# Description
In this programming assignment, you are required to implement a contiguous sequential pattern mining algorithm and apply it on text data to mine potential phrase candidates.

## Input
The provided input file ("reviews_sample.txt") consists of 10,000 online reviews from Yelp users. The reviews have been stemmed (to remove the postfix of each word so words with similar semantics can have the same form), and most of the punctuation has been removed. Therefore, each line is basically a list of strings separated by spaces.

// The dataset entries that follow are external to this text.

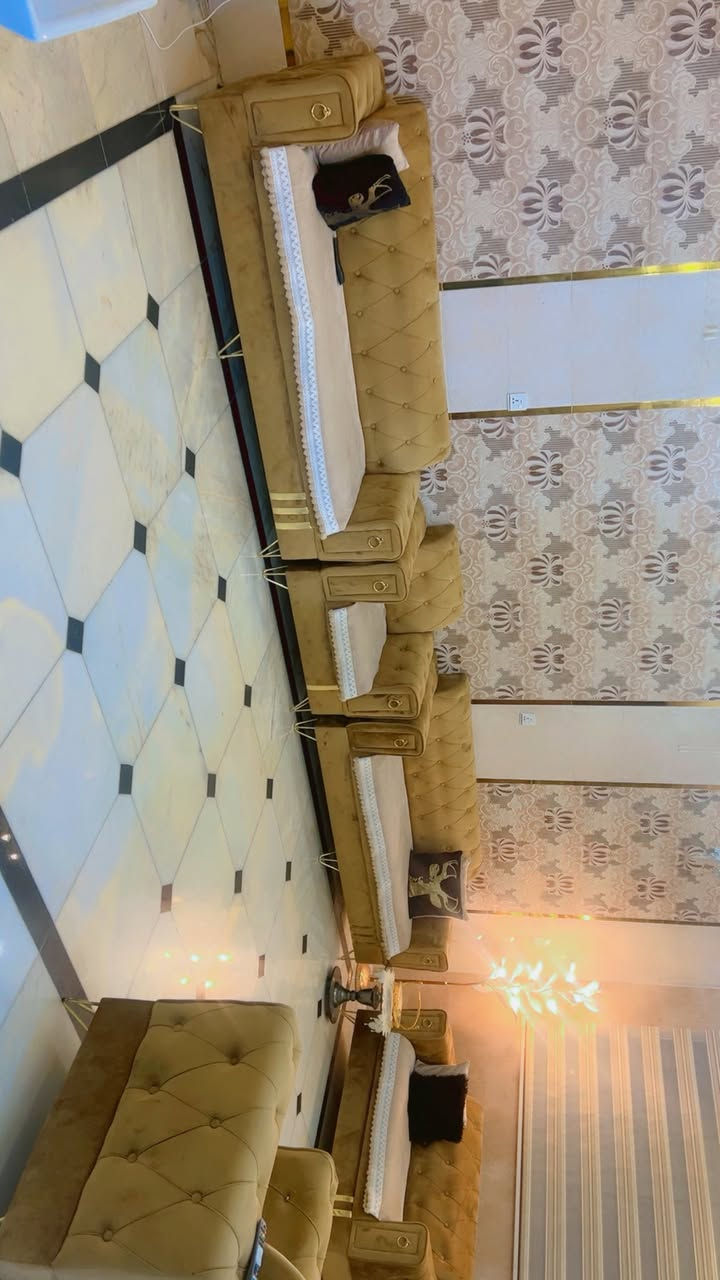 سلام عليكم تخم للبيع مستعمل قليل اخو الجديد. خشب عراقي قوي كلش بتصميم حديث السعر 500


**إذا كنت صاحب هذا الإعلان وتريد حذفه لأي سبب، رجاءا أرسل رسالة إلى الدعم الفني**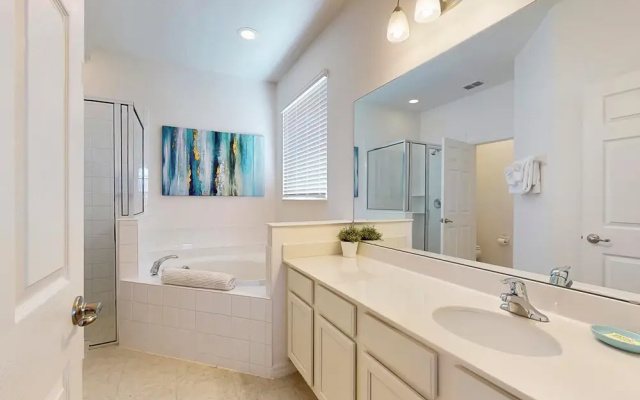 Helen's Luxury Providence Vacation Home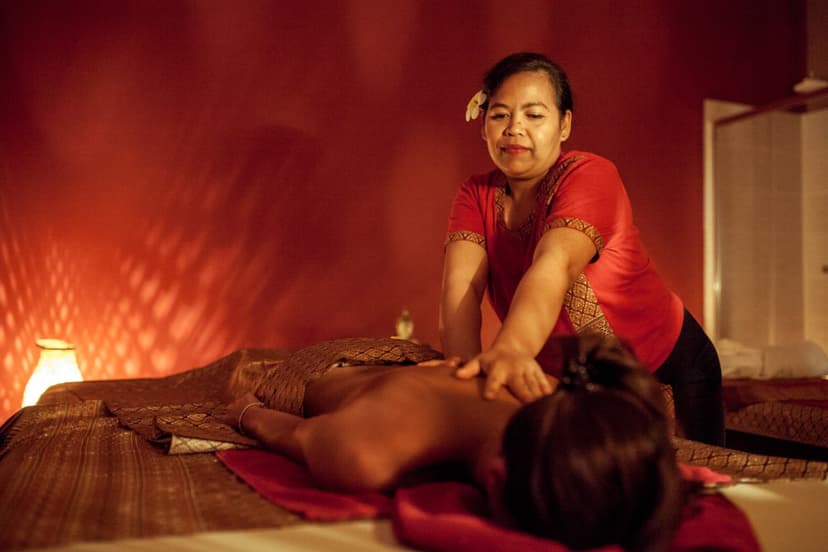 Relaksacyjny Masaż Pleców | Wiele Lokalizacji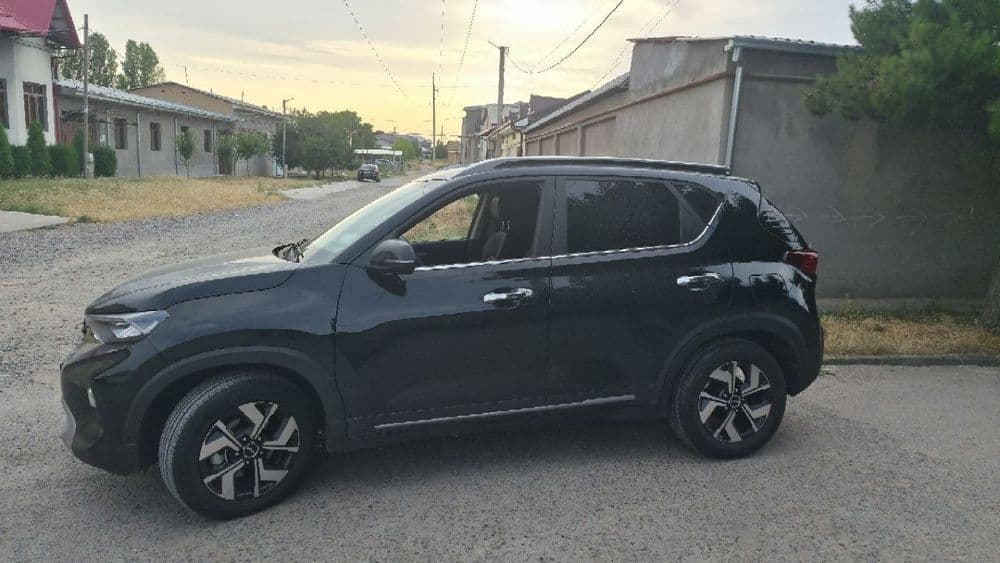 Kia sonet 2025 full — 4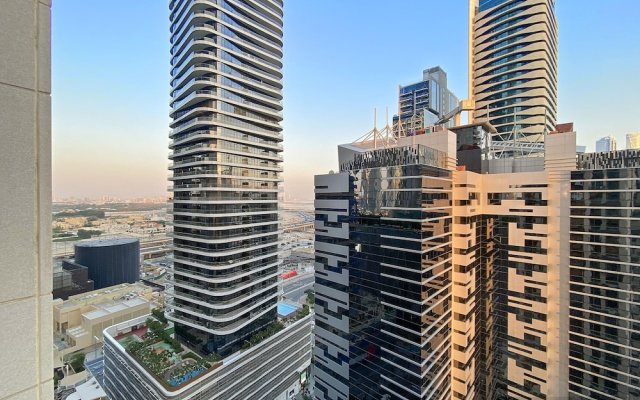 WelHome - Exclusive Apartment 5 minutes Walk to Dubai Mall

An example line is provided below:

`cold cheap beer good bar food good service looking great pittsburgh style fish 
sandwich place breading light fish plentiful good side home cut fry good 
grilled chicken salad steak soup day homemade lot special great place lunch 
bar snack beer`

## Task
You need to implement an algorithm to mine contiguous sequential patterns that are frequent in the input data. A contiguous sequential pattern is a sequence of items that frequently appears as a consecutive subsequence in a database of many sequences. For example, if the database is

`A,B,A,C
A,C,A,B,A,B
B,A,A,C,D`

and the minimum support is 2, then patterns like "A,B,A" or "A,C" are both frequent contiguous sequential patterns, while the pattern "A,A" is not a frequent contiguous sequential pattern because in the first two sequences the two A's are not consecutive to each other. Notice that it is still a frequent sequential pattern though.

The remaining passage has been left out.